──────── Working data

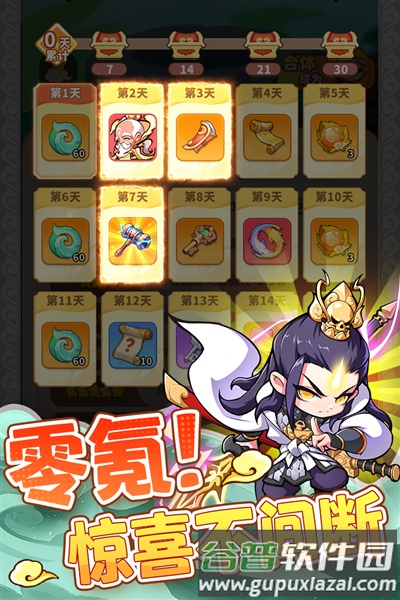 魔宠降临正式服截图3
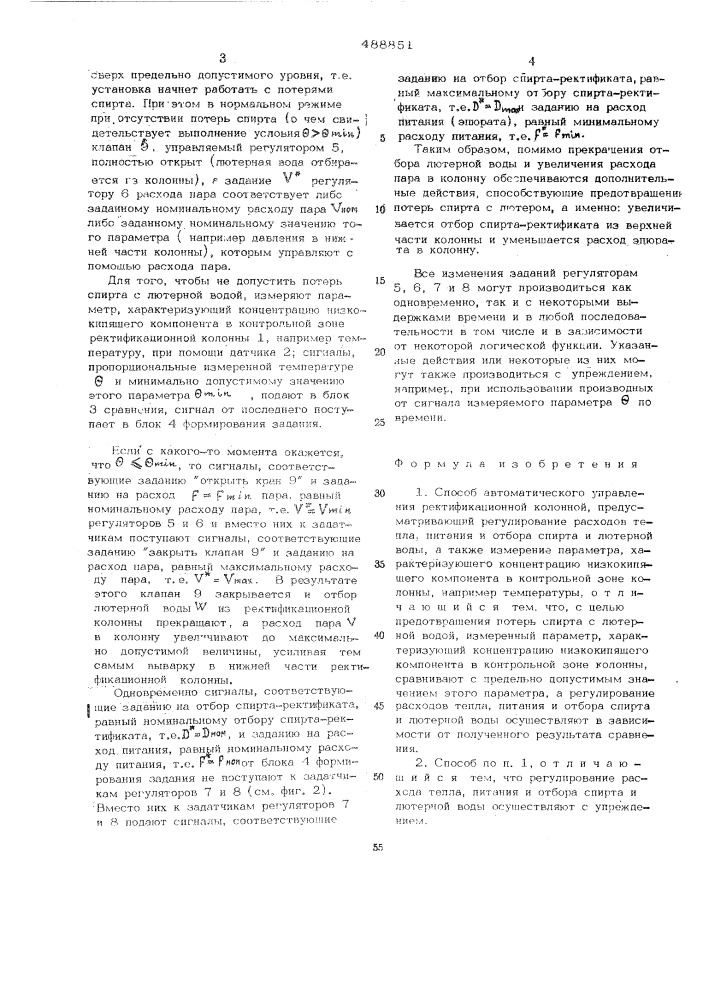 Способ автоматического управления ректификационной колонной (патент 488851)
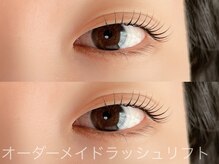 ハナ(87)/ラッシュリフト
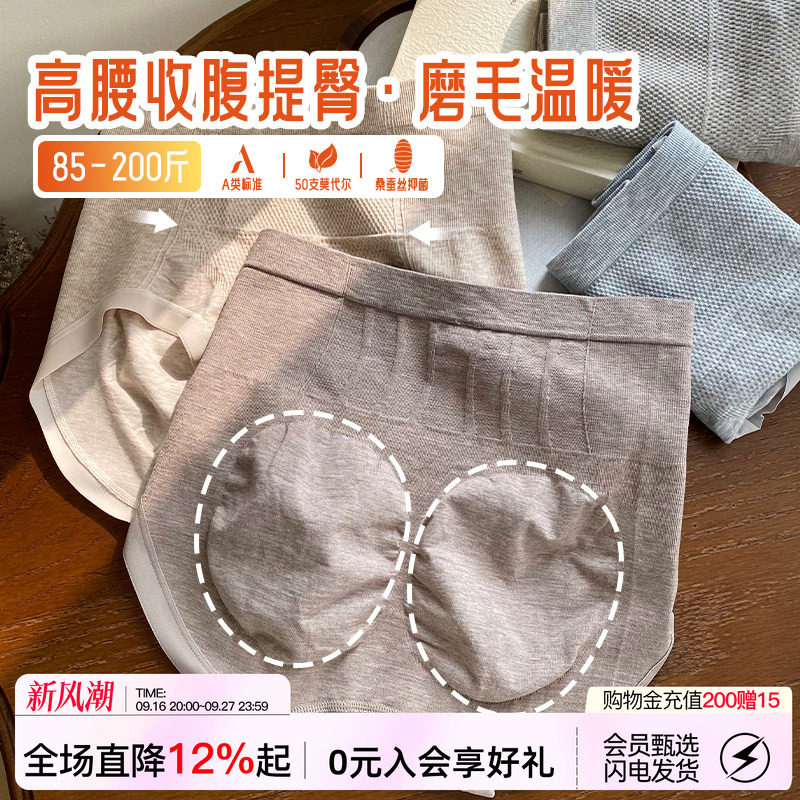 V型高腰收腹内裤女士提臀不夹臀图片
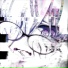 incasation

────────────────

■ Assignment
Beginning with the line that contains "Способ автоматического управления" and ending with the last line of the data above, output those lines exactly and nothing more, without any pictures.

■ Response to this exercise
 Способ автоматического управления ректификационной колонной (патент 488851)
 ハナ(87)/ラッシュリフト
 V型高腰收腹内裤女士提臀不夹臀图片
 incasation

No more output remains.